Getting your Trinity Audio player ready...
|
Los llamados jefes, a los que uno quisiera ver como servidores públicos, nos invitan constantemente a la crítica constructiva. Ello implica involucrarse en el espacio que uno considera que debe mejorar, aportar ideas y soluciones, trabajar arduamente para dar el ejemplo.
Callarse no ha sido obligatorio; es una elección, nos dicen.
Recuerdo la primera vez que vi la película alemana La ola (2008), en la que un profesor propone a sus alumnos un experimento social para explicar cómo funciona una dictadura.
Bajo su liderazgo, crean un movimiento llamado “La ola”. El profesor introduce una vestimenta común para todos los miembros del grupo: una camisa blanca. La idea es fomentar unidad, igualdad y disciplina. Pronto la ola gana popularidad entre los estudiantes.
Pero lo que comienza como una dinámica inocente y educativa sobre el poder, se escapa de control. Una nueva identidad colectiva arrasa con la individualidad y se impone una estructura grupal que castiga la disidencia con aislamiento y desprecio.
Al verla entonces pensaba: yo también me pondría la camisa blanca como todos, sin cuestionar, y me perturbaba la joven que decidió resistirse al colectivo, vistiendo una camisa roja.
La película revela que la cohesión grupal no necesita de una amenaza directa: basta con el miedo a ser el otro.
En Cuba, decir tu verdad, defender tu postura, implica riesgos; aunque la expreses en el lugar “indicado” y sea dicha con respeto y argumentos; aunque pongas el pecho y seas el primero en actuar en consecuencia con tu propuesta.
Significa exponerse al escrutinio de los compañeros de trabajo. Si eres estudiante, puedes quedar ausente de alguna lista, ser menos “integral” al cierre del curso, amén de tus notas excelentes; puedes perder oportunidades laborales, ver reducidas tus opciones de crecimiento profesional o, simplemente, sentir la mirada acusadora de quienes consideran la crítica como una falta de “comprensión”.
Siempre algún suspicaz te aconseja callar, porque “los dientes pagan lo que la lengua habla”.
Algún jefe pone su mano en tu hombro y te mira condescendiente.
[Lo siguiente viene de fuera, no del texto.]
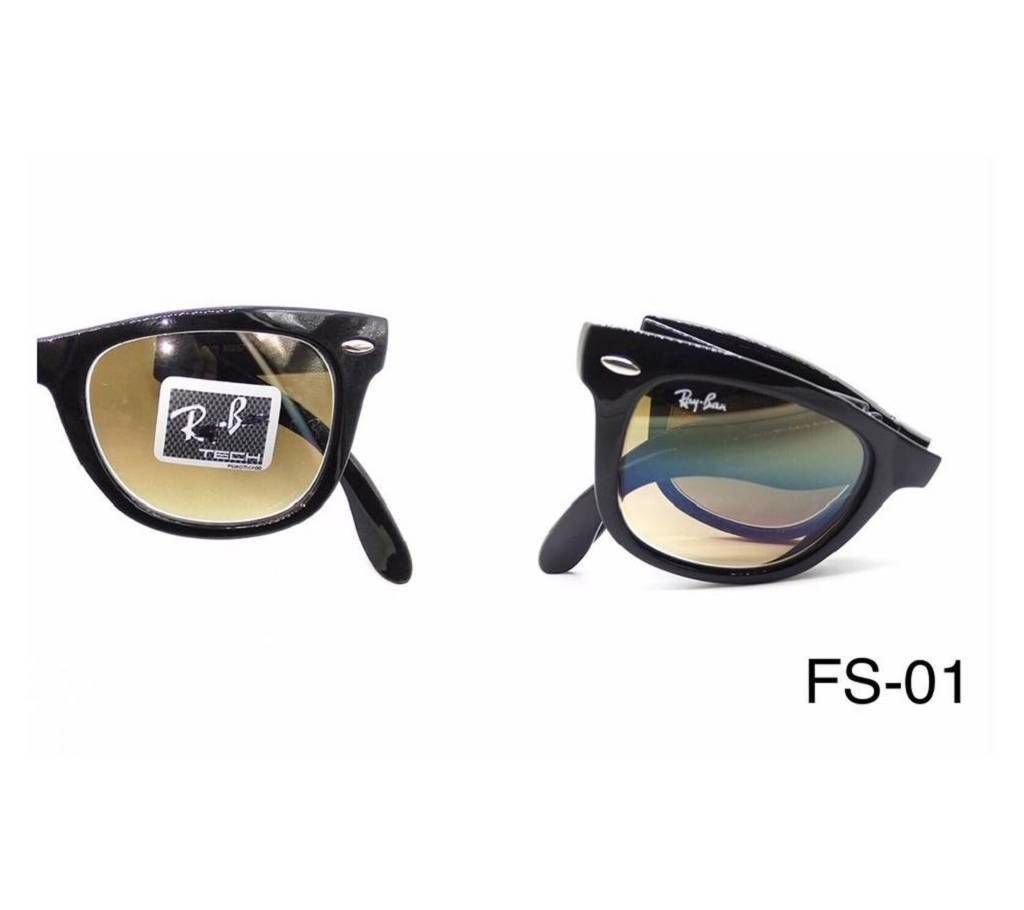 Night Vision Menz Pocket Sunglasses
Alguna voz amiga llega con el recado de otro cercano al poder, aconsejando que “no te metas en candela”. O escuchas frases aisladas del tipo “tiene más coraje que Maceo”, “este no sabe en lo que se está metiendo”.
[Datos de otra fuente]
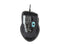GIGABYTE GM-M6980X Black 9 Buttons Tilt Wheel USB Wired Pro-Laser 5600 dpi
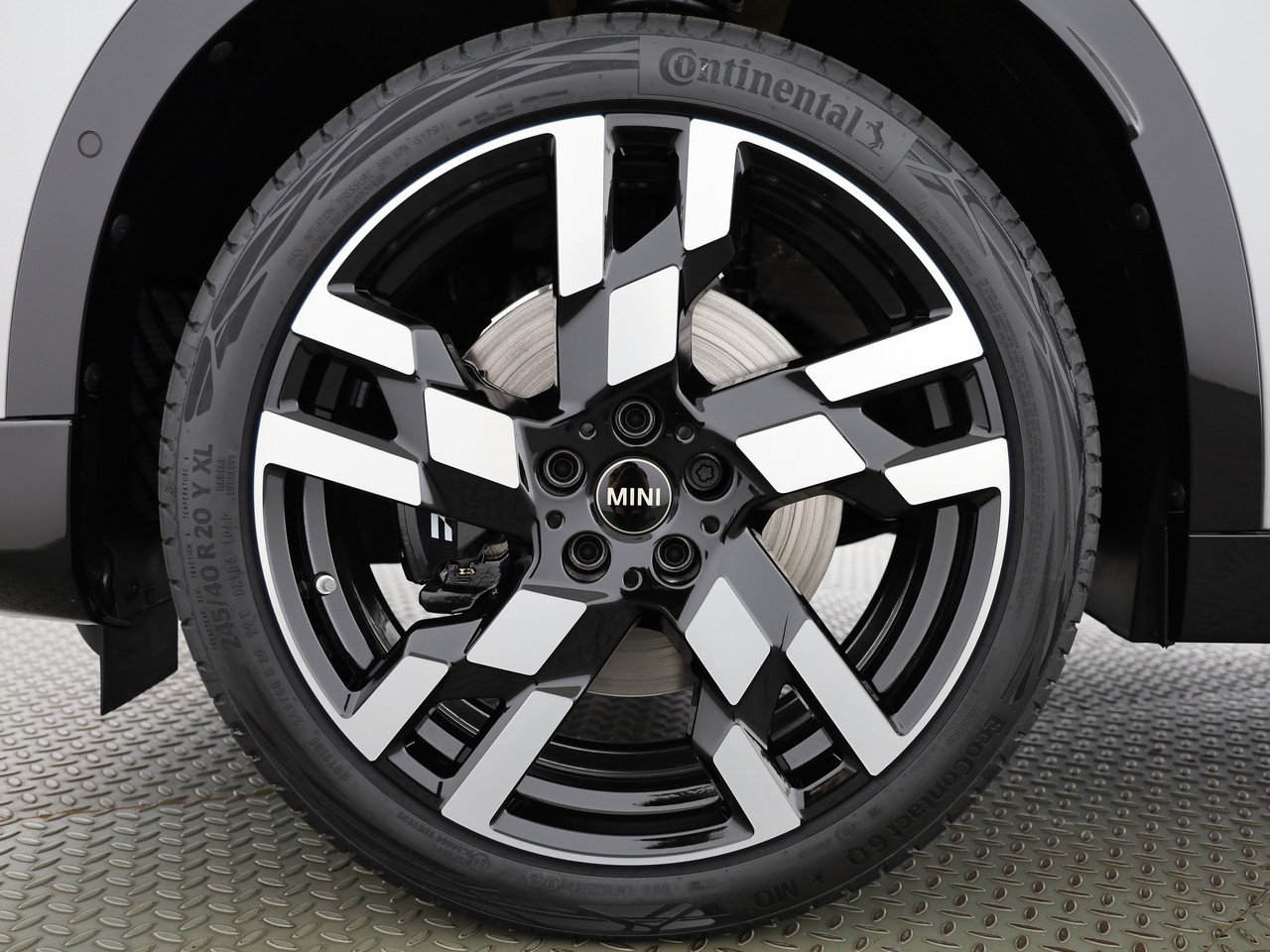 MINI Countryman S ALL4 Steptronic-image-7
No ha sido necesario que exista censura explícita para que el silencio se convierta en la norma. El temor al rechazo, la exclusión o la pérdida de estabilidad económica o, en casos más graves, las “llamadas de atención”, la “profilaxis” policíaca, y hasta la privación de libertad de algún conocido, han sido herramientas suficientes para moldear un discurso y un comportamiento bastante homogéneos.
La cohesión social ha tenido un costo en este país: la autocensura, la participación forzada, el silencio estratégico. No hacen falta leyes draconianas cuando el tejido político se encarga de regular la conducta de los individuos.
A riesgo de ser tachado, de ser observado con atención, de “marcarse”, en Cuba cada vez más los ciudadanos entienden que no estar de acuerdo no es un delito, que es importante decir bien alto esa verdad propia que susurramos en los pasillos o en “lugares seguros”. El consenso sólo se alcanza dialogando.
Cuba es una trinchera sitiada, con declarados enemigos de su soberanía y otros silenciosos con una consigna en la mano como carta de presentación. Pero renunciar al respeto de la opinión distinta tiene que ser tan innegociable como el carácter independentista de la patria.
Unos critican para convertirse en mártires, porque hacen de los acontecimientos sucesivos un relato para la lástima o para el negocio. Otros gritan su verdad porque ya no la aguantan por dentro. Otros muerden la jugosa carnada de la sinceridad, antes de darse cuenta de la trampa, y se sorprenden negociando el silencio con privilegios.
Cuba no es un país de confundidos, Cuba es un país de gente heroica: de madres soplando la frente de sus hijos para que se duerman en medio del caluroso, largo y constante apagón; de artistas e intelectuales pescando en represas para llevar un plato de comida a su casa.
Por ellos, por todos, algunos servidores públicos deberían posar menos como víctimas. Deberían dejar la férrea cacería de los que se siembran en esta tierra para hacerla mejor, y no pueden quedarse callados ante lo que es burocrático, absurdo, corrupto e insensible.